Legend of "Lechuza" Possibly Seen In Carrizo Springs
Jul 12, 2012 at 9:16 PM CST
Apr 1, 2013
The legend of the "Lechuza" has been told in this area for years. Now, a recent picture has sparked a discussion about whether the picture is real. The picture believed to have been taken in Carrizo Springs shows two men holding a white owl with a very large wing span. Our Lauren Kendrick has more in our top story. The picture has definitely got people interested whether or not they believe in the myth. We spoke to one of the owners of Petland who tells us this picture has her baffled when it comes to classifying the type of owl. "I think people would like to believe it's real just like they'd like to believe big foot's real and the loch ness monster and all the other creatures." Owner of Petland Laredo, Laura Hatton, gives us her take on the picture that's been circulating social networking sites for the past few days. The picture was taken in Carrizo Springs. Many people are calling the big white bird "Lechuza" from the urban legend commonly told in the Mexican heritage where the spirit of a woman or a witch turns into an owl. "Those wives tales are there for a reason. They are a legend. Perhaps there at one time was a much larger species of an owl that was here." Hatton says it looks like a barn owl but is way too large. She says it's really hard to determine the exact species by the undercarriage. By looking at the picture, she says it's hard to tell if it is indeed real or fake. "The head is really out of focus so it makes you wonder about photo shop.

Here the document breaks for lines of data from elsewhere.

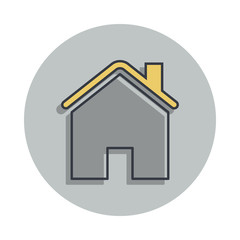 Aufkleber - house icon in badge style. One of web collection icon can be used for UI, UX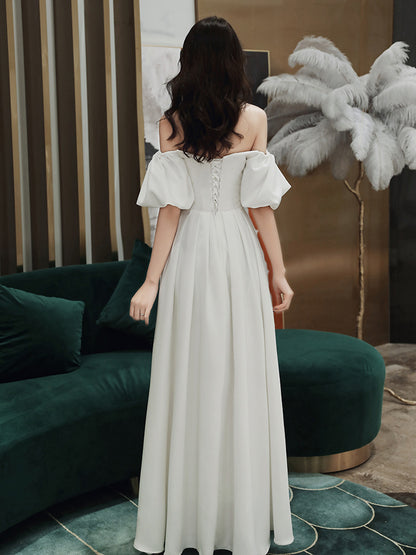 White Off  Shoulder Wedding Dress Long Prom Dress 49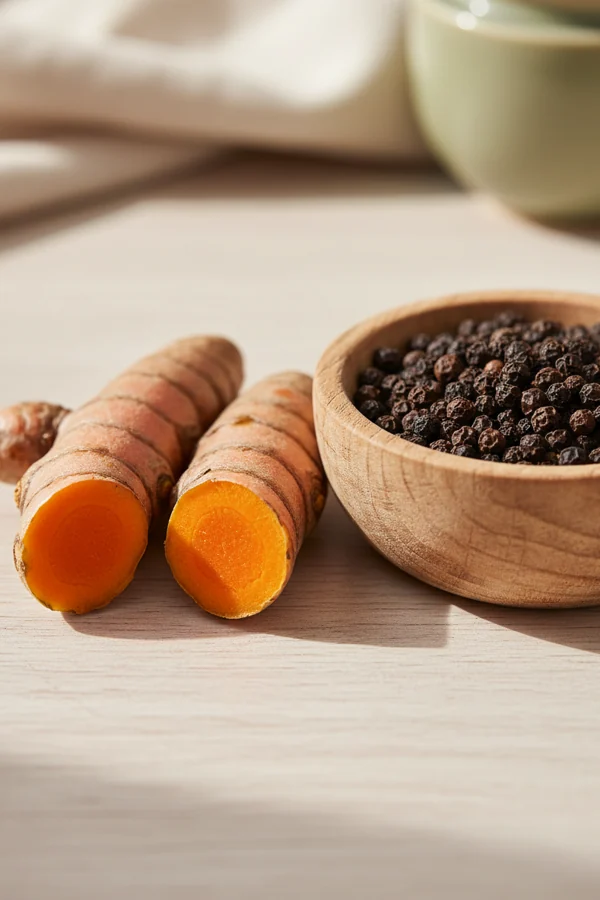fresh turmeric root beside black peppercorns — piperine slows curcumin breakdown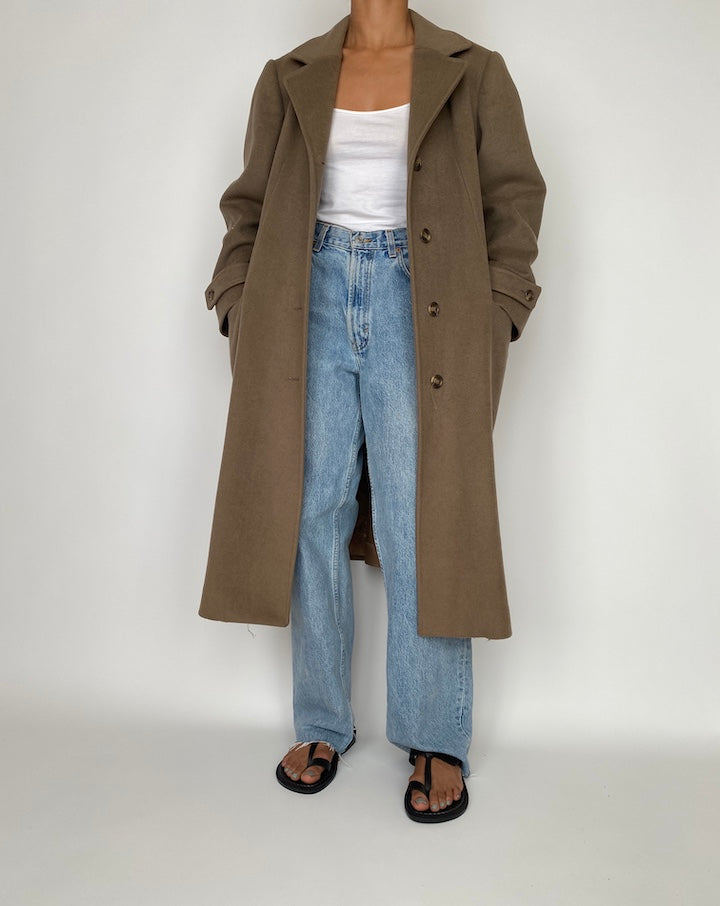 VINTAGE BEIGE LONG WOOL COAT 2733 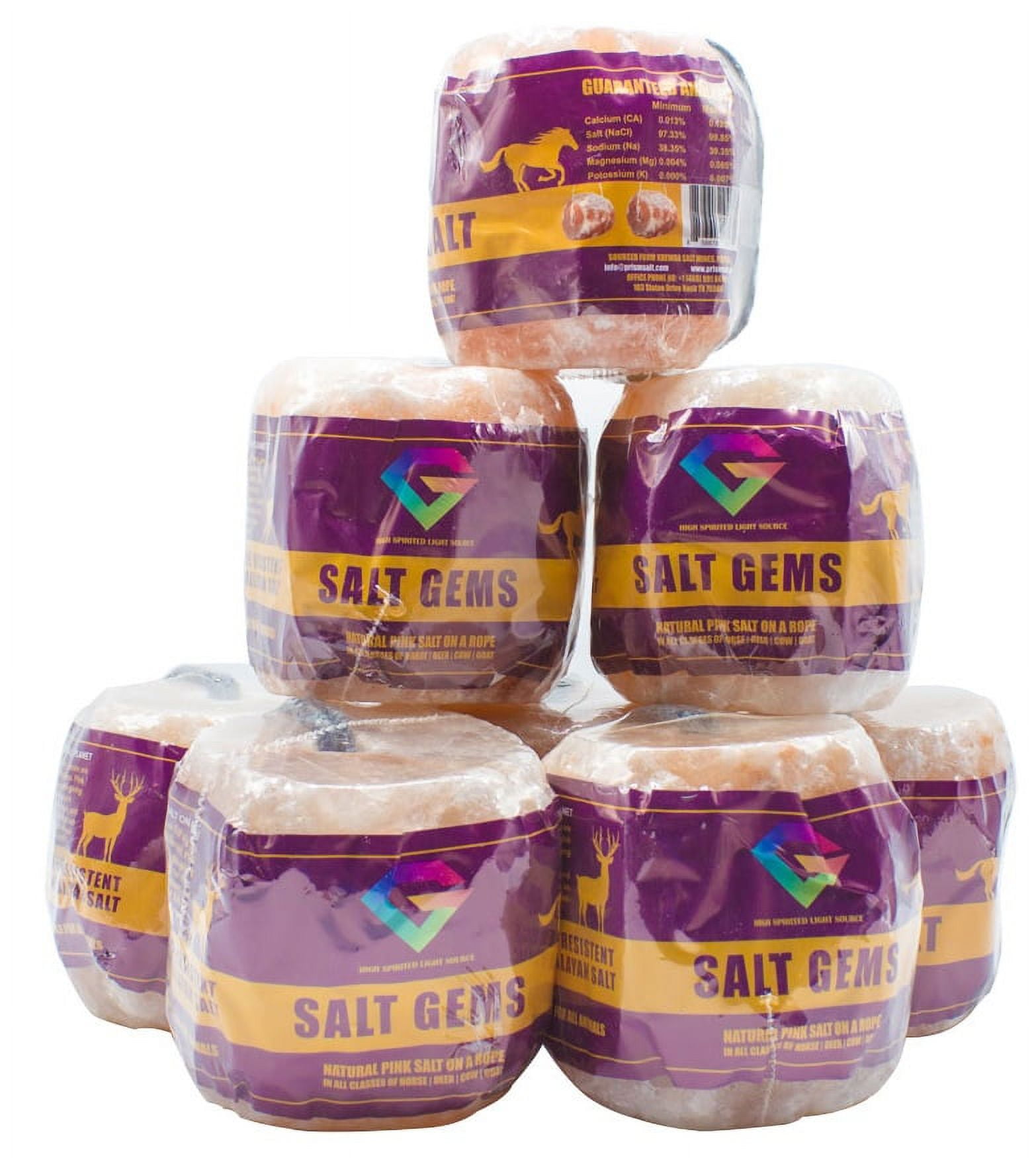 SALT GEMS 8 Pack 7.5 lbs, Himalayan Animal Salt Lick Pure Natural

But the wings itself look like a barn owl." “Whether people believe in the legend or not, people have been sounding off on Facebook so we decided to go out on the streets and see what people had to say about the owl" One thing Hatton says doesn't add up is the size of the bird. "The size doesn't make any sense for the species of an owl because even the largest...a great horned owl doesn't look anything like it and it's still way smaller." Just like other legends in south Texas like the chupacabra, there's no way of telling if this is a real "Lechuza" or not. "I think they'd like it to be the "Lechuza" because I find the culture here to be full of mysticism and people enjoy it."